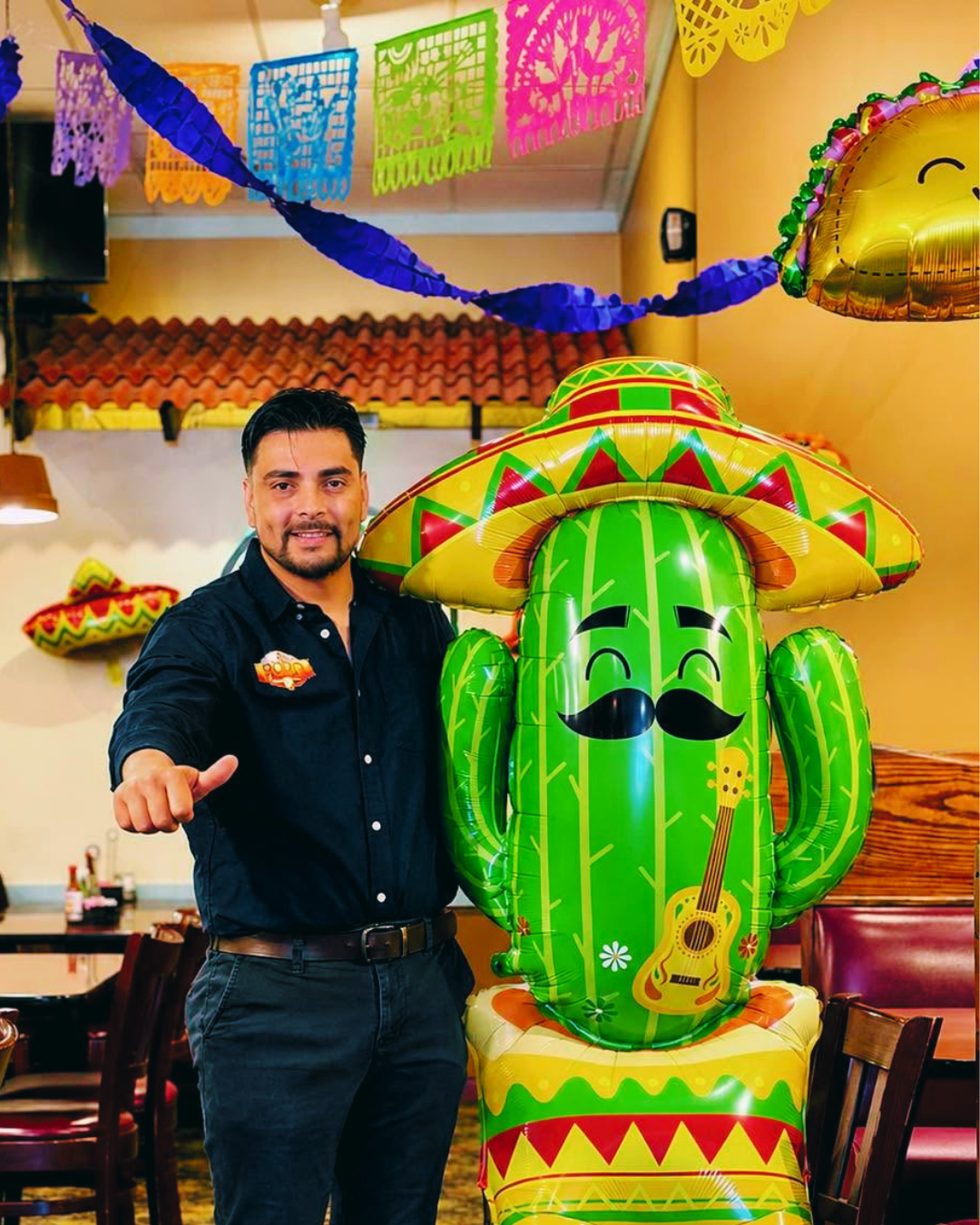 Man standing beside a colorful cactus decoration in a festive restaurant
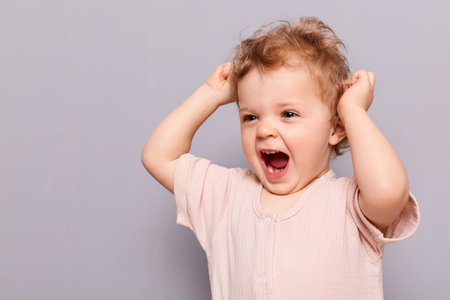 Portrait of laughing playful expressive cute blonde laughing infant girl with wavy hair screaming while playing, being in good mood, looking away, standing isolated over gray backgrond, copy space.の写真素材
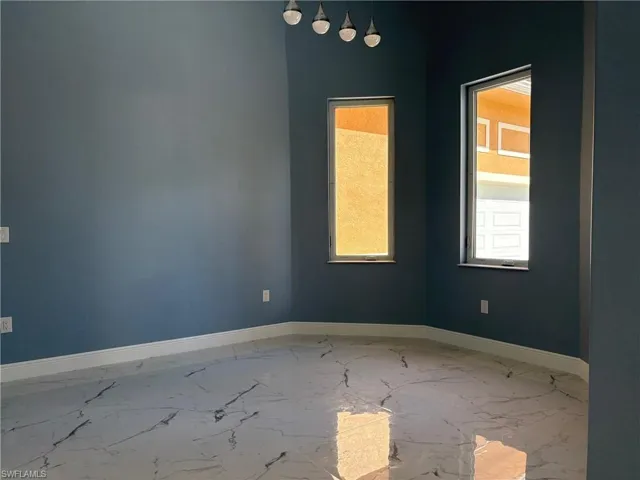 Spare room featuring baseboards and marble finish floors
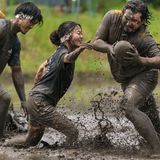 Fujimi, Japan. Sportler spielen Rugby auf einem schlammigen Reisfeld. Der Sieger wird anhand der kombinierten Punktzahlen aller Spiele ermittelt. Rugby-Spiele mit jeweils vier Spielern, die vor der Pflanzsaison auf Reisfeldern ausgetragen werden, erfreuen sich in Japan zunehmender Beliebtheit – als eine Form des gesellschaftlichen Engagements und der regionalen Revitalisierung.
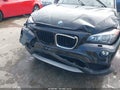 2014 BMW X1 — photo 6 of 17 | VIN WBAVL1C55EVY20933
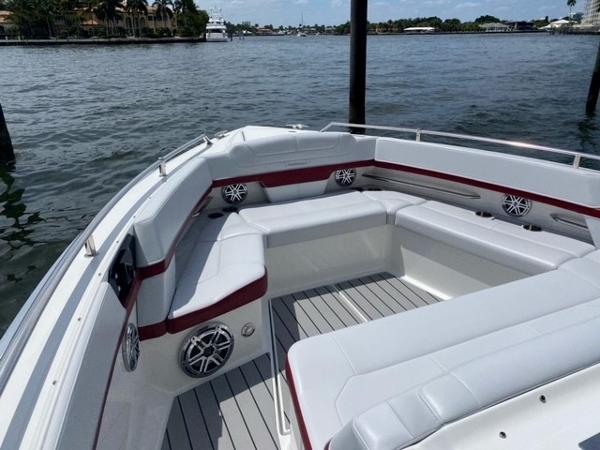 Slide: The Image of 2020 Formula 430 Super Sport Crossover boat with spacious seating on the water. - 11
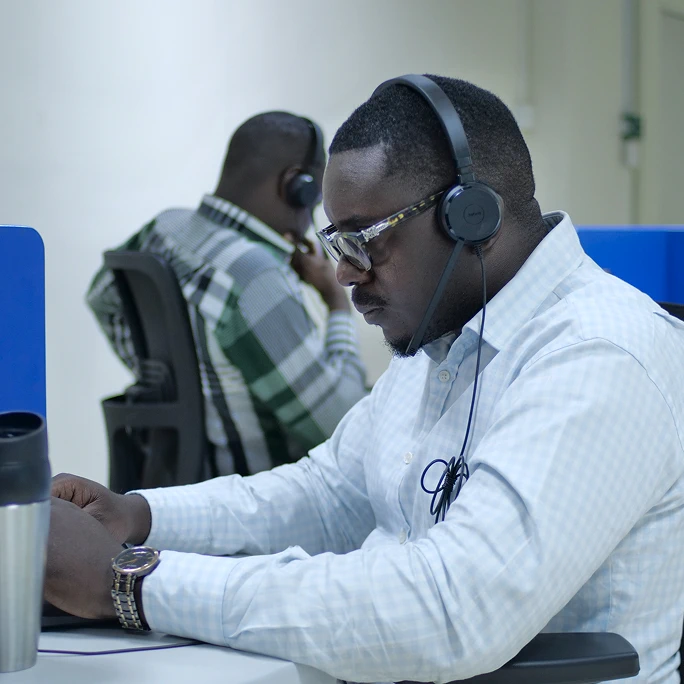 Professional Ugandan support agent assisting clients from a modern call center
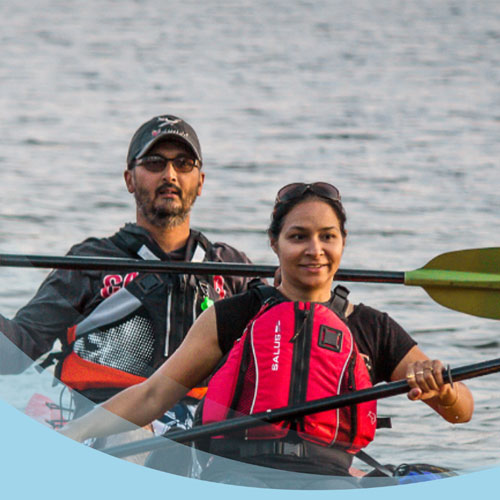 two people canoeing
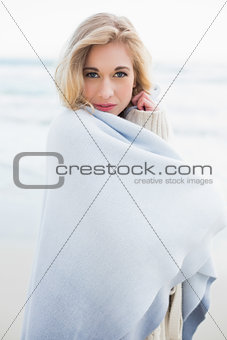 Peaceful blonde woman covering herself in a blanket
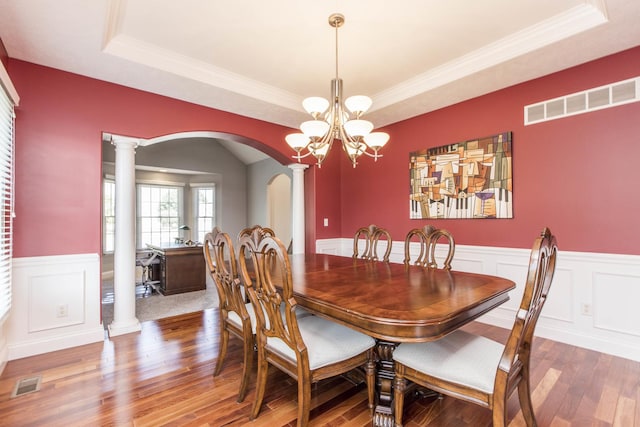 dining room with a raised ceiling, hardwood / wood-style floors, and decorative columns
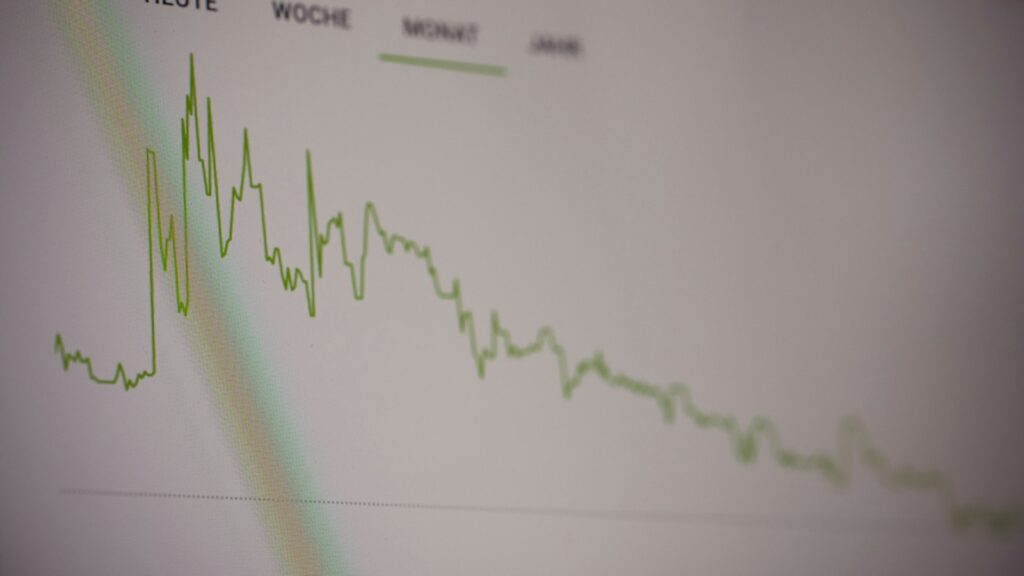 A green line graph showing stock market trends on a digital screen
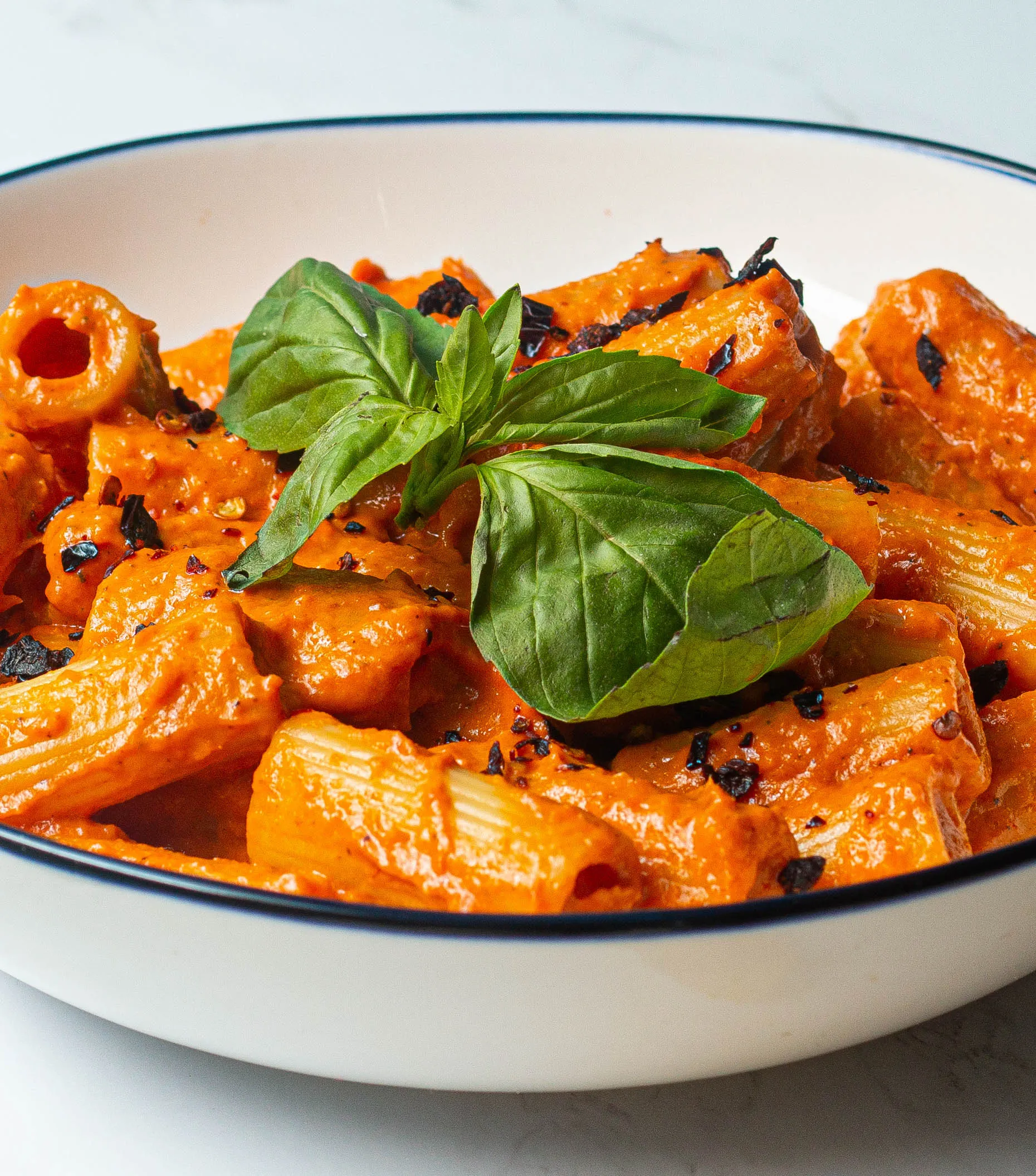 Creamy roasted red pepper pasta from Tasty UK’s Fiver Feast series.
================================
■ **Task description**: Both ends included, copy word for word the lines from the top of the entries above through the line with "Fujimi, Japan. Sportler". No pictures.

■ **Solution**:
 Man standing beside a colorful cactus decoration in a festive restaurant
 Portrait of laughing playful expressive cute blonde laughing infant girl with wavy hair screaming while playing, being in good mood, looking away, standing isolated over gray backgrond, copy space.の写真素材
 Spare room featuring baseboards and marble finish floors
 Fujimi, Japan. Sportler spielen Rugby auf einem schlammigen Reisfeld. Der Sieger wird anhand der kombinierten Punktzahlen aller Spiele ermittelt. Rugby-Spiele mit jeweils vier Spielern, die vor der Pflanzsaison auf Reisfeldern ausgetragen werden, erfreuen sich in Japan zunehmender Beliebtheit – als eine Form des gesellschaftlichen Engagements und der regionalen Revitalisierung.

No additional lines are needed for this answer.